• Try it
Output exactly the lines from the one with "REMANENTE DE TELA" to the close of the records below, first and last included.

─── Exercise inputs

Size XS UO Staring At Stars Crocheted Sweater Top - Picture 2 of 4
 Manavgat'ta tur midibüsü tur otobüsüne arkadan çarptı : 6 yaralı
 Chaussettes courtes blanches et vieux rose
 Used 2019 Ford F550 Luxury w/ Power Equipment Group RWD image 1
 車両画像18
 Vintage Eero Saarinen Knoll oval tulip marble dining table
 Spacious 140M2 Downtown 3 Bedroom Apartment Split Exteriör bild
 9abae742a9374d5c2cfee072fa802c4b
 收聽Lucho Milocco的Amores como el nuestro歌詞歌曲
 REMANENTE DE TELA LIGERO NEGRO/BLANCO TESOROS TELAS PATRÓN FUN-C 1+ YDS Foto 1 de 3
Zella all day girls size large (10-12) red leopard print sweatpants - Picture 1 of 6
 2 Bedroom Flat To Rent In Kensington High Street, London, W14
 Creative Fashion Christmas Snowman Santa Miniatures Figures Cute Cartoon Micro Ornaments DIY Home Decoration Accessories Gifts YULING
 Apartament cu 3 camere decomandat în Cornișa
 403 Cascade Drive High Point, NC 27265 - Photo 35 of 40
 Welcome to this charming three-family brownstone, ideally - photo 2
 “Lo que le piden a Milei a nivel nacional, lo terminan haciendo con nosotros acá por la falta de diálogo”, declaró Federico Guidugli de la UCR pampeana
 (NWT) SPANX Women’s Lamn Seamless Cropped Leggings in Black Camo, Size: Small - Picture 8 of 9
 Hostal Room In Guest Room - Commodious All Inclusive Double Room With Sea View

──────

• Task answer
 REMANENTE DE TELA LIGERO NEGRO/BLANCO TESOROS TELAS PATRÓN FUN-C 1+ YDS Foto 1 de 3
Zella all day girls size large (10-12) red leopard print sweatpants - Picture 1 of 6
 2 Bedroom Flat To Rent In Kensington High Street, London, W14
 Creative Fashion Christmas Snowman Santa Miniatures Figures Cute Cartoon Micro Ornaments DIY Home Decoration Accessories Gifts YULING
 Apartament cu 3 camere decomandat în Cornișa
 403 Cascade Drive High Point, NC 27265 - Photo 35 of 40
 Welcome to this charming three-family brownstone, ideally - photo 2
 “Lo que le piden a Milei a nivel nacional, lo terminan haciendo con nosotros acá por la falta de diálogo”, declaró Federico Guidugli de la UCR pampeana
 (NWT) SPANX Women’s Lamn Seamless Cropped Leggings in Black Camo, Size: Small - Picture 8 of 9
 Hostal Room In Guest Room - Commodious All Inclusive Double Room With Sea View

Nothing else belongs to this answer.